Everything in the data below except the pictures must be repeated word for word.

*Collected material:*
□ □ □ □ □ □ □

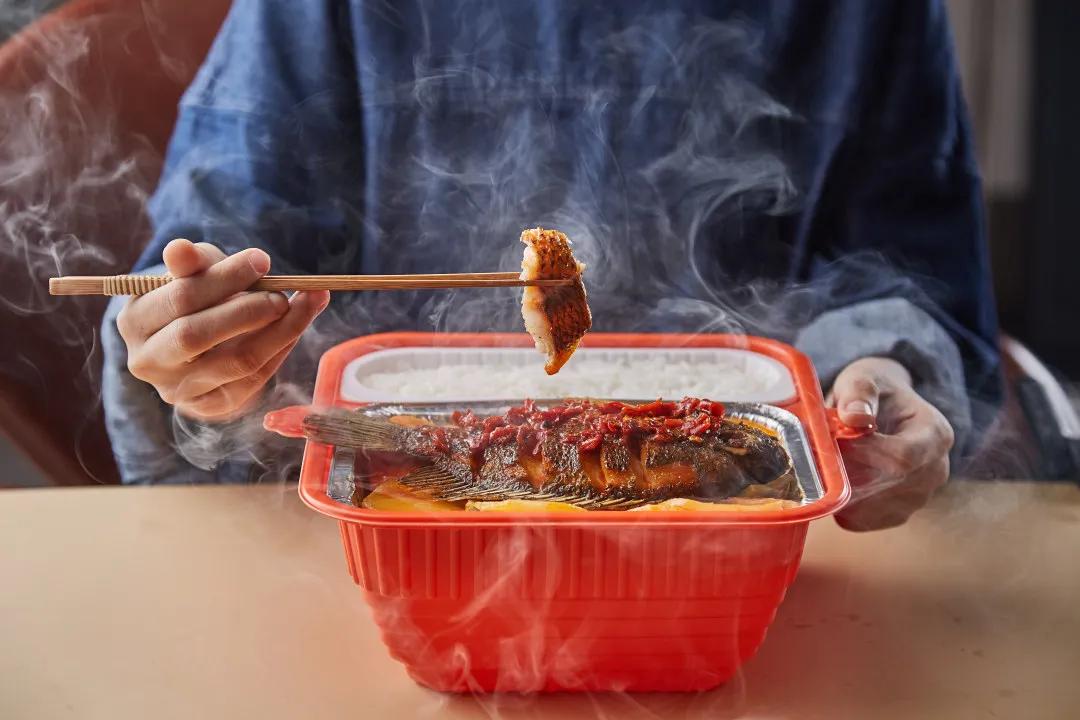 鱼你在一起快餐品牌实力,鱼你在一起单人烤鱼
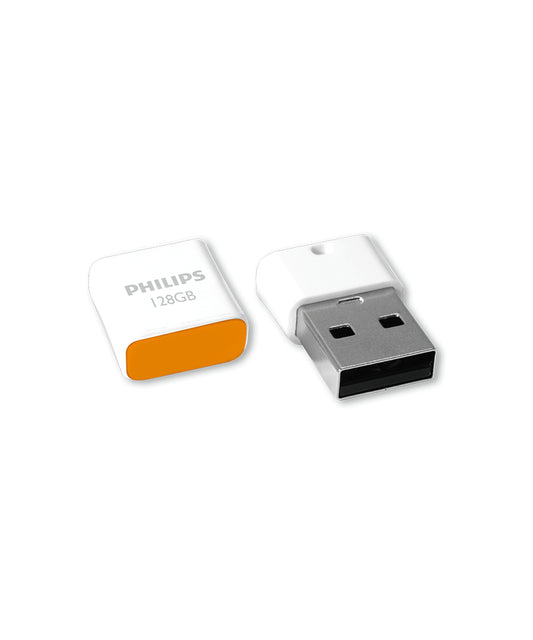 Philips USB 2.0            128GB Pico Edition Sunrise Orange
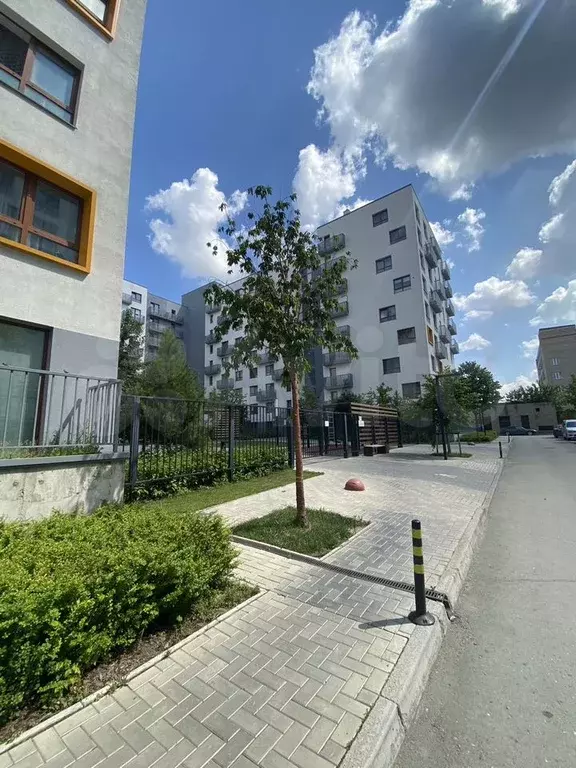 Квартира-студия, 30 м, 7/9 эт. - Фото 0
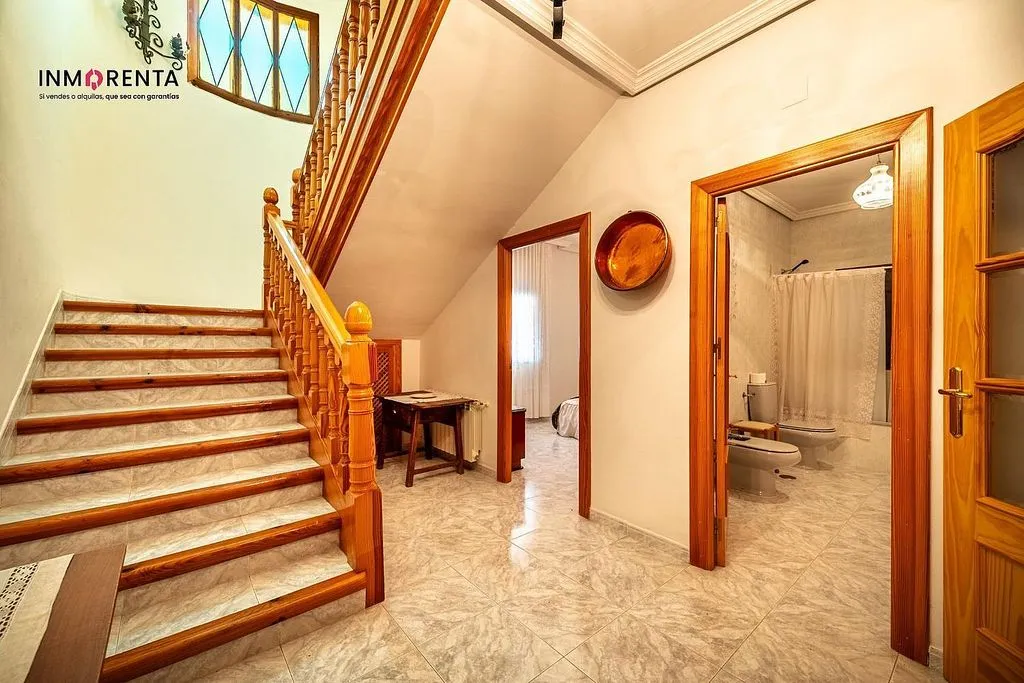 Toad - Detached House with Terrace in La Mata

□ □ □ □ □ □ □

*Task response:*
 鱼你在一起快餐品牌实力,鱼你在一起单人烤鱼
 Philips USB 2.0            128GB Pico Edition Sunrise Orange
 Квартира-студия, 30 м, 7/9 эт. - Фото 0
 Toad - Detached House with Terrace in La Mata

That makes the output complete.